Amidst the current tech trends, there's a noticeable surge of resources such as blog posts, developer tools, tutorials, and videos that underscore the importance of processes, tech stack decisions, performance, speed, distribution, and scalability. However, there's a seemingly diminishing emphasis on the creation of products tailored for non-developer users.

As a developer frequently crafting tools for my peers, I understand the urge to enrich our developer toolbox. Yet, it's crucial to remember that these tools must eventually be put to use - not merely accumulated.

It's all too easy to become ensnared in the intricacies of process optimization, distribution logistics, performance enhancements, and other factors that might constitute your job or resonate with your interests. While these elements may substantially impact your performance metrics, bottom line, or professional credibility, I've recently been exploring the challenging yet rewarding realm of building user-centric products.

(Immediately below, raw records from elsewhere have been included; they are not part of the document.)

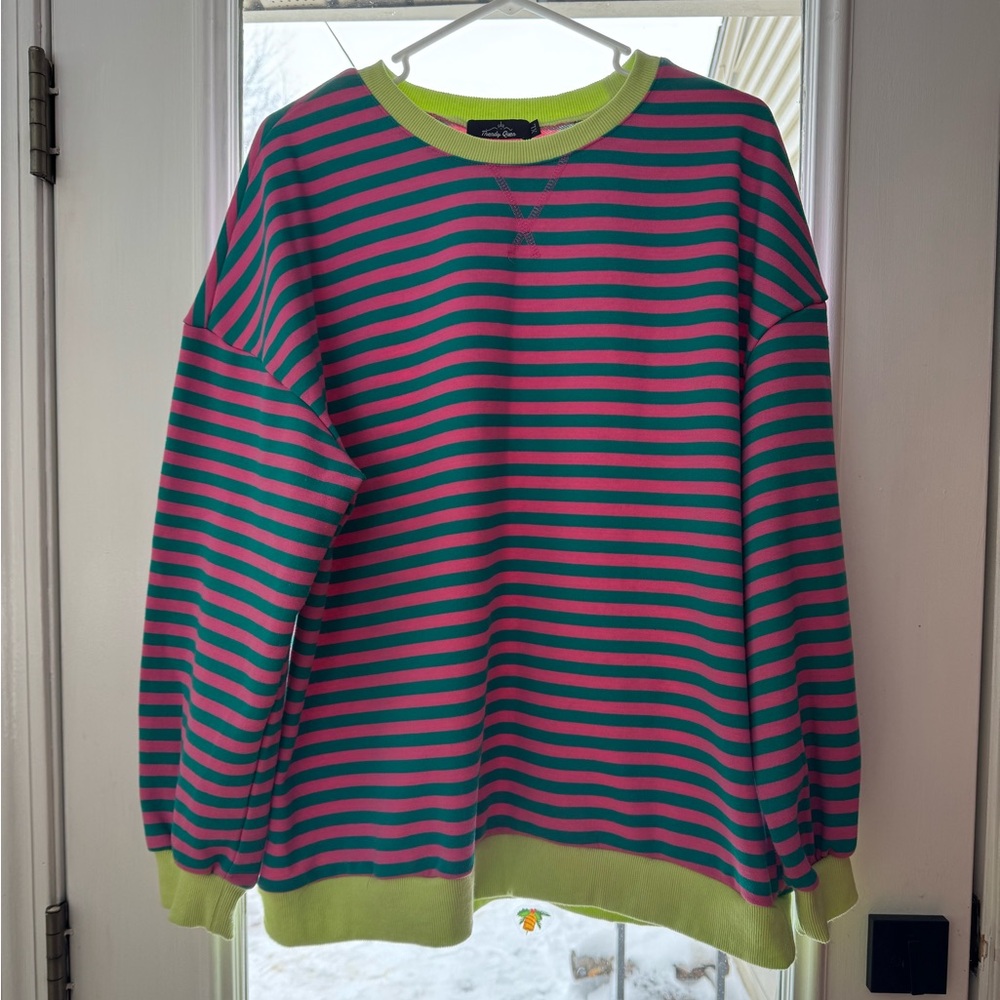 Striped Pink and Green Sweatshirt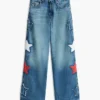 Jeans taille haute à jambes larges avec motif étoiles pour enfants Jeans taille haute à jambes larges avec motif étoiles pour enfants
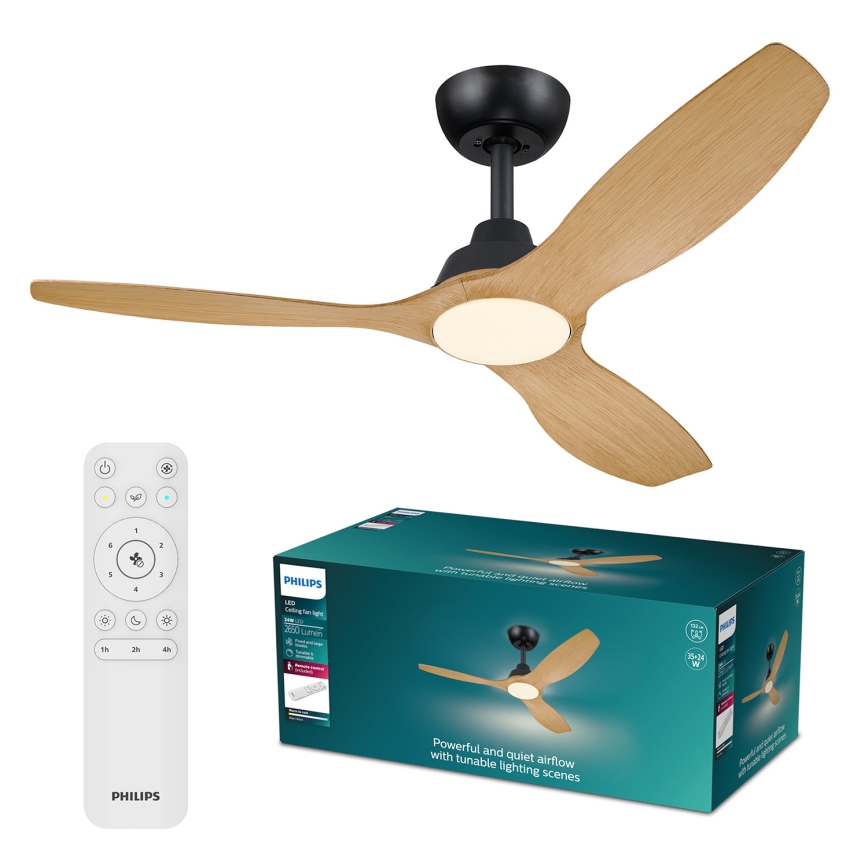 Philips - LED-dimmbarer Deckenventilator OLAS LED/24W/230V Ø 132 cm schwarz/braun + Fernbedienung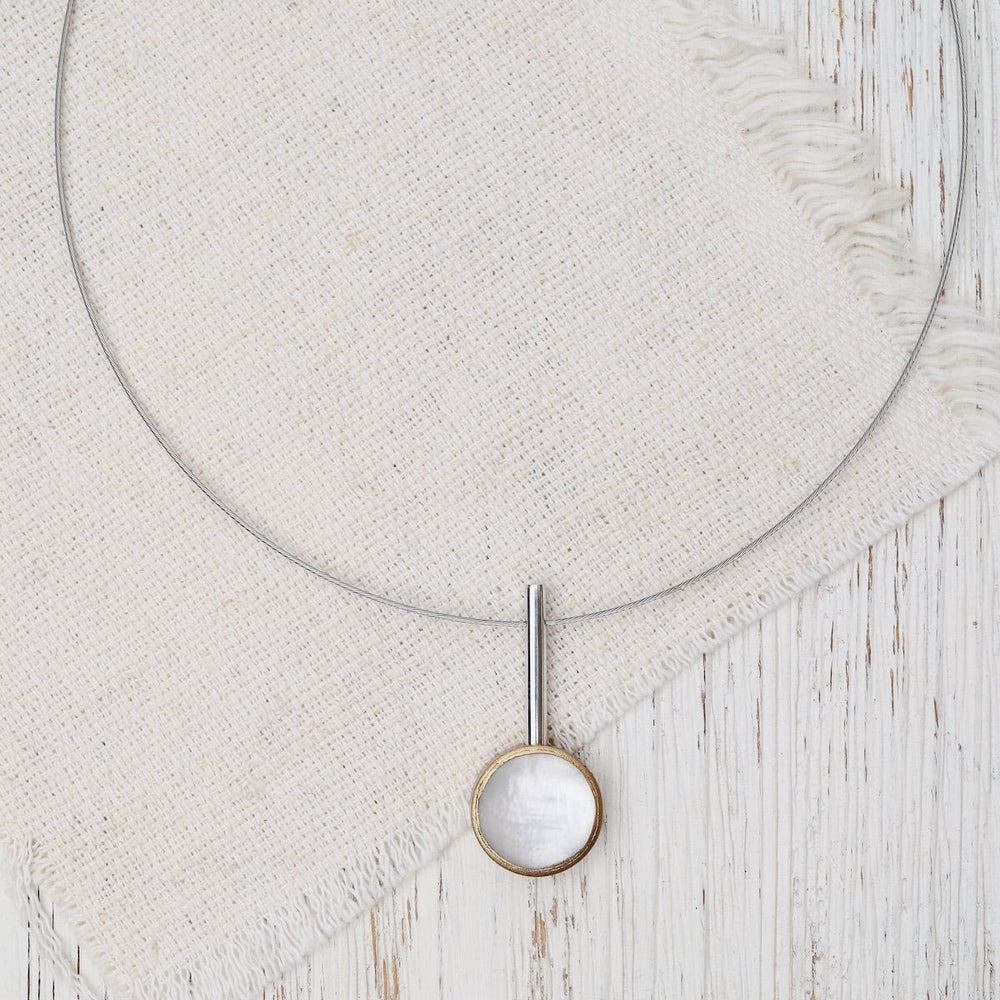 
                      
                        NKL-JM White Drop Circle Pendant
                      
                    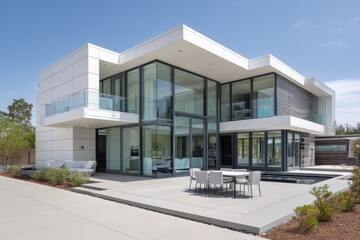 Exterior view of a modern home with large windows and patio furniture under a bright blue sky day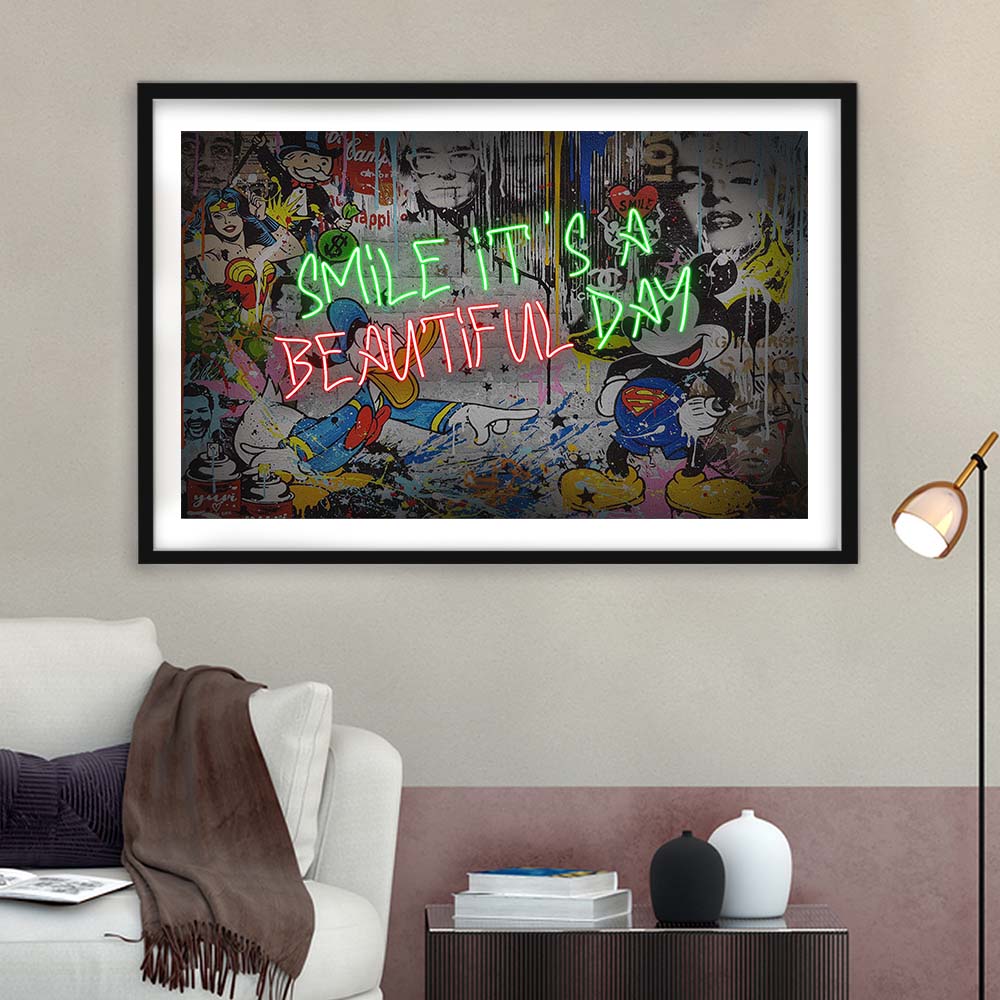 Smile, It'S A Beautiful Day Art Print, Framed Art Print Wall Decor, White Border, Framed Picture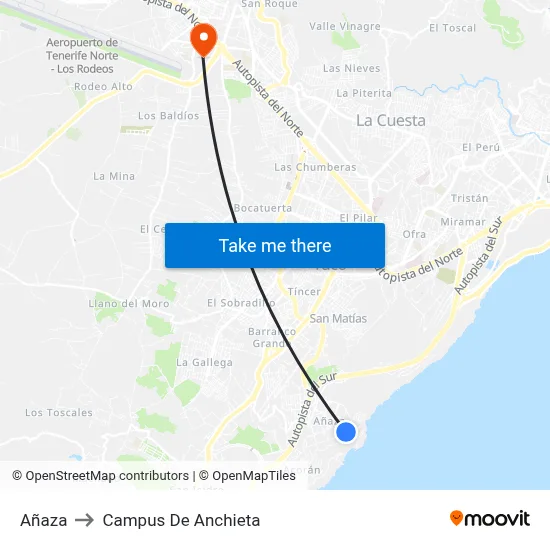 Añaza to Campus De Anchieta map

In an environment pulsating with competition and filled with alternative solutions, the pressure to release timely updates has helped me empathize with product managers and development teams. They are often tasked with balancing user needs and stringent deadlines against process adherence, tool utilization, and developer workflows.

A concept that has resonated with me throughout this journey is that the most vital resource for a company isn't the employees, tools, or processes, but the product itself. As explained on Conversion Rate Experts, the product and its development should hold precedence, and all other components – including developers, tools, and processes – should be flexible and adaptive to the product's requirements.

This product-centric perspective often necessitates letting go of deeply cherished processes, tooling decisions, and quality measures, at least in the initial stages. As software engineers, the saying "it depends" is a common refrain. However, I've come to realize that this should be frequently coupled with another maxim - "right time, right place." As a product or feature garners sufficient success, aspects like process, performance, scalability, and appropriate tooling inevitably rise in importance.

We often tend to optimize for ourselves as developers, aiming to streamline our tasks and make our lives easier and more efficient. While this is a natural instinct, it might not always be the most practical or successful approach. True productivity in software development often requires us to battle this instinct and strive to eliminate potential future difficulties from the equation. Time, after all, is the most precious resource we all possess, products included. If you succeed now at the cost of your product failing, your time will be cut short. However, if your product succeeds now while you manage to do "well enough," you'll gain more time for your future self to continue succeeding.

Our role as software engineers involves maintaining a careful balance. We need to consider the mantra "it depends," make informed decisions based on our constraints, and identify the opportune moments for making these decisions and compromises. We must keep the product's momentum at the forefront of these considerations.

Having adopted this approach over the past few months, I've noticed it has significantly amplified my career impact. While the code I've written recently may not be the most pristine, scalable, or performance-optimized I've ever produced, it's merely an implementation detail. The true success lies in the productivity and satisfaction experienced by my users, a result of timely, well-informed decision-making as a team.

In his blog post, Mitchell Hashimoto discusses the importance of driving results as early as possible and striving to achieve "demoability" as soon as possible, reinforcing the need for swift product development and shipping.

If your current projects don't demand such critical decision-making, I encourage you to seek ones that do. Exercising decision-making muscles under real-time constraints for real users is indeed invaluable. Let us remember: we're not merely developers - we're product builders, and our primary focus should be to ship products that provide tangible value to our users.